Burroughs' habit of writing novels without any linear narrative, occasionally dipping into autobiography, technical discussion, or the impressionist word salad of Gysin's cut-up technique, amounting to random sentences pulled out of a hat - all tend to foster a certain texture unique to the work of this author; and a texture of such qualities as to fool the unwary into believing that if you've read one, then you've read them all because, like representatives of unfamiliar nineteenth century races, they all look the same if you're from out of town. Once you get a few of these under your figurative belt however, the differences become apparent in so much as each has a flavour of its own; but that said, Burroughs writing is still such an unorthodox form as to often resist analysis. The Western Lands is something quite different to its predecessors, Cities of the Red Night and The Place of Dead Roads, and although I can see how these three roughly form a trilogy, I'm not entirely sure why. Where the first two might be loosely regarded as Burroughs appropriating first eighteenth century Caribbean piracy and then the old west as source material, this dips toes into ancient Egypt; although I'm not aware of Burroughs earlier novels being particularly lacking in historical flourishes, but anyway...

The Western Lands is a novel of such scope as to discourage statements like it's about death, or it's about achieving a form of immortality, but for the sake of argument let's assume those two descriptions cover the points that matter; and let's assume this on the grounds that as early as page three we meet author surrogate William Seward Hall trying to write himself out of dying just as earlier authors would once write their way out of debts - more or less in those words. Burroughs would have been in his seventies when he completed The Western Lands, and although much of his oeuvre reveals a pronounced fascination with death, this one goes further than before - or at least further than I remember - into the mechanics of the process and ideas, with less emphasis on the horror. Given Burroughs' view of language, I would guess all the lengthy accounts of poisonous centipedes and the like constitute a magical inoculation of sorts, an attempt to defeat the reaper by becoming the reaper. Perhaps tellingly, the sexual element is significantly less pronounced than in previous works - although Burroughs' sex was always more about liberty and statement than reproduction, but its relative absence nevertheless informs the general focus of the novel, in so much as it has a general focus.

As with his best, The Western Lands is peppered with all manner of wonderfully cutting observations, restatements of the author's views on society, authority, power, and our place therein:

Consider the One God Universe: OGU. The spirit recoils in horror from such a deadly impasse. He is all-powerful and all-knowing. Because He can do everything, He can do nothing, since the act of doing demands opposition. He knows everything, so there is nothing for him to learn. He can't go anywhere, since He is already fucking everywhere, like cowshit in Calcutta.

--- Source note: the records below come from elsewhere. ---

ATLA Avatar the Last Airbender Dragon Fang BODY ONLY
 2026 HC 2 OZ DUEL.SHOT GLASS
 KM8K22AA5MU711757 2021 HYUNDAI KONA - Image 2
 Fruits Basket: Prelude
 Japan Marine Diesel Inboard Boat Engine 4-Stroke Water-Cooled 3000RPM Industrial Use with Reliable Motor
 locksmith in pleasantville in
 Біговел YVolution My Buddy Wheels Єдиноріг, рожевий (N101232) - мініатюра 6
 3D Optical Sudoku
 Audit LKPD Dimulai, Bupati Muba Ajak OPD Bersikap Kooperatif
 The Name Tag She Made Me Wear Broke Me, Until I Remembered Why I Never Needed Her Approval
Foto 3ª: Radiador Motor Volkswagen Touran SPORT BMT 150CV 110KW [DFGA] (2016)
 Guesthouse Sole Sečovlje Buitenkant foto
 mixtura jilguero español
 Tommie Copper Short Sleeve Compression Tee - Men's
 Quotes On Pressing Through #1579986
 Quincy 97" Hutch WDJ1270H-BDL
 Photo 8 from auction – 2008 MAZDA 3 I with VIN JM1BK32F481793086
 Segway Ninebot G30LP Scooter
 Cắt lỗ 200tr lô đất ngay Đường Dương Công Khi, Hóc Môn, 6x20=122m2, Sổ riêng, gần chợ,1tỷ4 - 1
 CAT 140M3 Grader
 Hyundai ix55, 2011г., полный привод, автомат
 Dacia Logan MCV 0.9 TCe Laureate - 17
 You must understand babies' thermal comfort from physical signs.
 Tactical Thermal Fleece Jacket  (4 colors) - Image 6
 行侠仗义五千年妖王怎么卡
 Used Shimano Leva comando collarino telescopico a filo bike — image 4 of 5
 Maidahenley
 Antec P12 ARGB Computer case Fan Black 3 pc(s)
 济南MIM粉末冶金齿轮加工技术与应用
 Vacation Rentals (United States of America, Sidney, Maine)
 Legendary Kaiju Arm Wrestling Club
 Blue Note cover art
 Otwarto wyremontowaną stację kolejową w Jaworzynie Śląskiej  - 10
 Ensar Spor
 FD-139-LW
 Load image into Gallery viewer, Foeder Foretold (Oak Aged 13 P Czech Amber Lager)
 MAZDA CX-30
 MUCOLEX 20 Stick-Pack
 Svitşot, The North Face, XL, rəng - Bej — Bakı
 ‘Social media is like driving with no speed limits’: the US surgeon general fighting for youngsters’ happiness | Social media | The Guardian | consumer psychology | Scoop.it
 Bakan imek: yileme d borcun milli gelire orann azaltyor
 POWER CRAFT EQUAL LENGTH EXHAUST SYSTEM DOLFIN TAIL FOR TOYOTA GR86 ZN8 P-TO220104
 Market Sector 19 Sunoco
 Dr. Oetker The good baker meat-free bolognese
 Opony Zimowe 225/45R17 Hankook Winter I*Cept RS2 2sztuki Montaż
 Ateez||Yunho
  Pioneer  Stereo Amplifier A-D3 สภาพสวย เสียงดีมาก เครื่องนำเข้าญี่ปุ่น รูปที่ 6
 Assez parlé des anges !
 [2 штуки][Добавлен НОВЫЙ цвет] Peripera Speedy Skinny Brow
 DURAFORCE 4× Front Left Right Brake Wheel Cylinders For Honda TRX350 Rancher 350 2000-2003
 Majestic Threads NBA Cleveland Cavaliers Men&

The OGU is a pre-recorded universe of which He is the recorder. It's a flat, thermodynamic universe, since it has no friction by definition. So He invents friction and conflict, pain, fear, sickness, famine, war, old age and Death.

Like his best, The Western Land instils the reader with an overwhelming impression rather than any one coherent, easily quantified point - although it is in turn made up of many smaller easily quantified points. Inevitably it's also quite a sad book, distinctly the work of someone who had spent his life cheating death, and knew the game to be drawing to a close; and the sadness is thrown some way into relief by unexpected affectionate touches here and there, particularly as he writes about the cats he cared for during his last decade. It's not so thematically solid - if that's quite the right term - as The Place of Dead Roads, its predecessor, but it reveals Burroughs as a very old man who could still surprise his readers with some fresh insight, not least being that behind all the drugs, nude boys, and talking anuses, he was as human as any of us, and certainly more so than all those authority figures he despised with such venom.

So here I am in Kansas with my cats, like the honorary agent for a planet that went out light-years ago. Maybe I am. Who will ever know?

1 comment:

  1. In my view Burrough's is spot on about the OGU, provided one letter is removed from one word. It's not friction that's missing from Omnipotence but "fiction".